=== Begin Enclosure ===
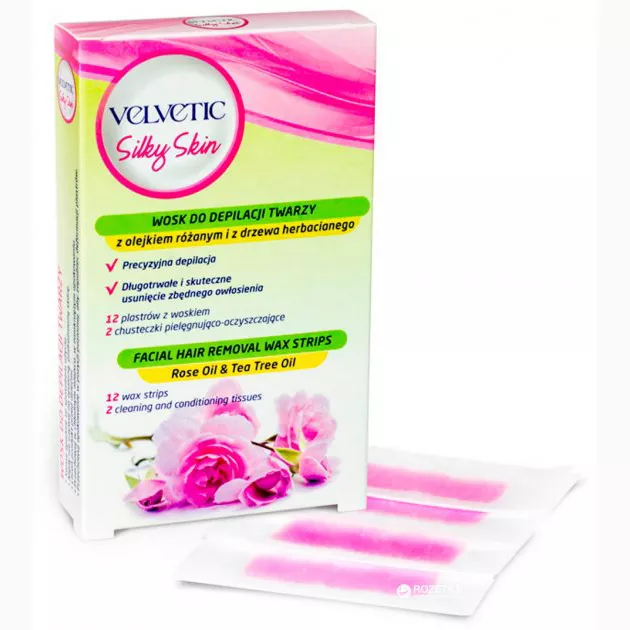 *Восковые полоски VELVETIC SILKY SKIN для депиляции лица Роза №12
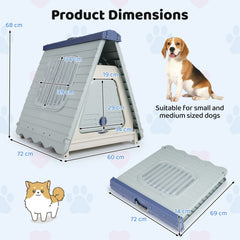 Folding Plastic Dog House with Lockable Flap Door Waterproof Pet Shelter-Blue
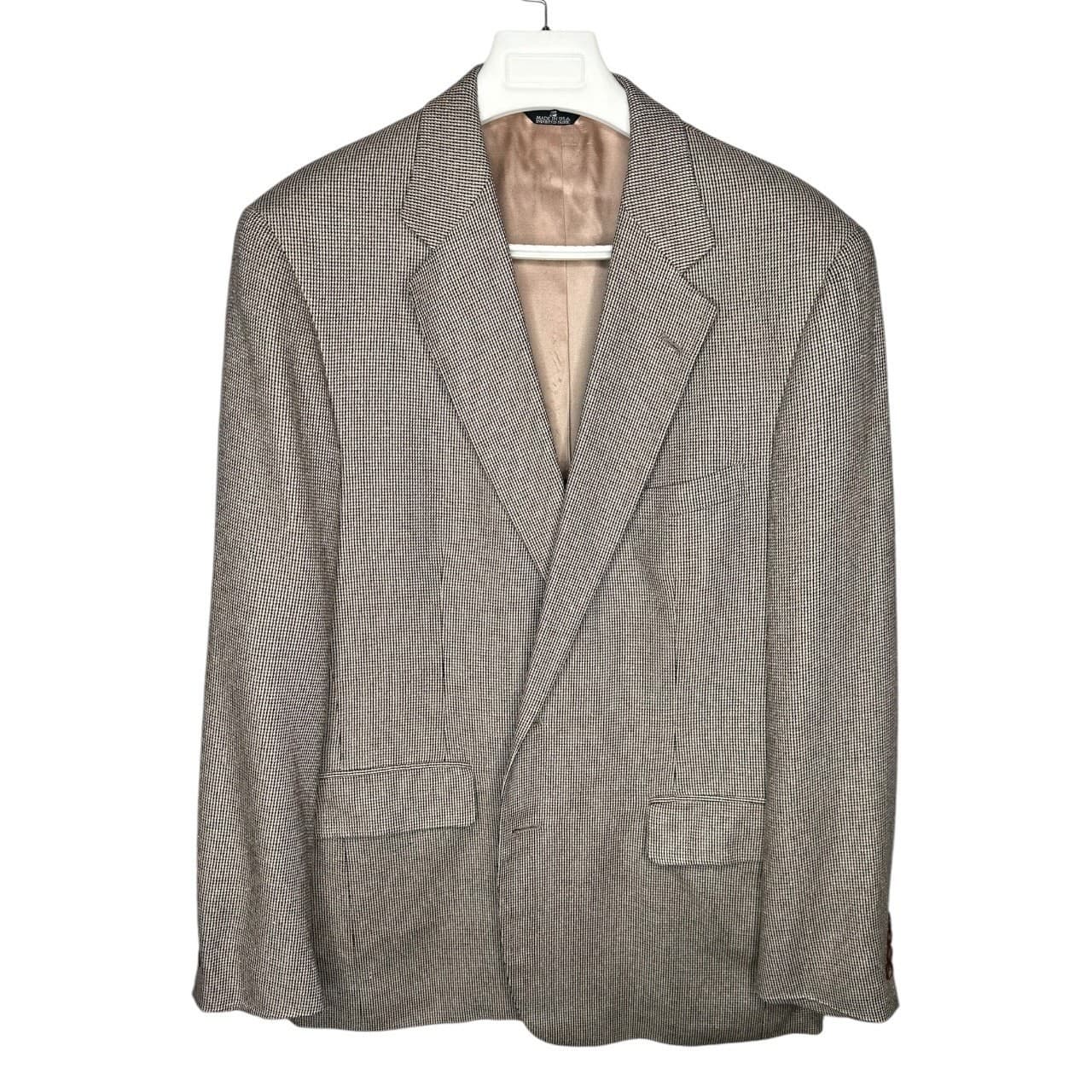 Chaps Ralph Lauren Blazer Men 46R Tan Black Excellent Micro-Check Houndstooth - Thumbnail 3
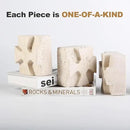 Natural Marble Bookends for Heavy Books, Heavy Duty Square Decorative Stone Book Ends for Shelves, Aesthetic Travertine Book Holder, Modern Office Bookshelf Stopper Decor, Beige, Set of 2 by CozyNest Decor
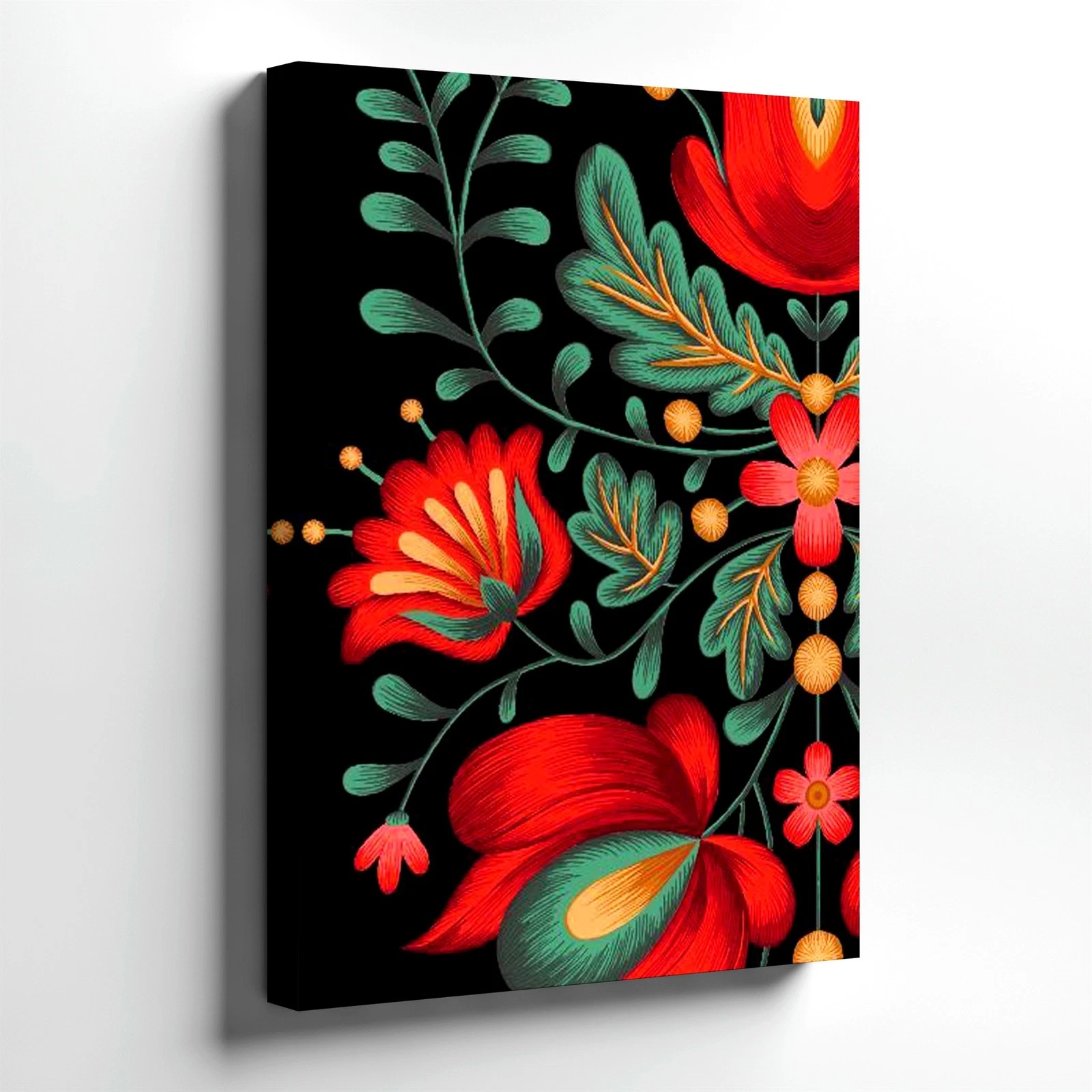 Wall Art Folk Floral Print Red Orange Flowers Botanical Poster Black Home Decor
=== End Enclosure ===
Work task: Write every record out again exactly as written. Pictures don't belong in the copy.

Result below:
 *Восковые полоски VELVETIC SILKY SKIN для депиляции лица Роза №12
 Folding Plastic Dog House with Lockable Flap Door Waterproof Pet Shelter-Blue
 Chaps Ralph Lauren Blazer Men 46R Tan Black Excellent Micro-Check Houndstooth - Thumbnail 3
 Natural Marble Bookends for Heavy Books, Heavy Duty Square Decorative Stone Book Ends for Shelves, Aesthetic Travertine Book Holder, Modern Office Bookshelf Stopper Decor, Beige, Set of 2 by CozyNest Decor
 Wall Art Folk Floral Print Red Orange Flowers Botanical Poster Black Home Decor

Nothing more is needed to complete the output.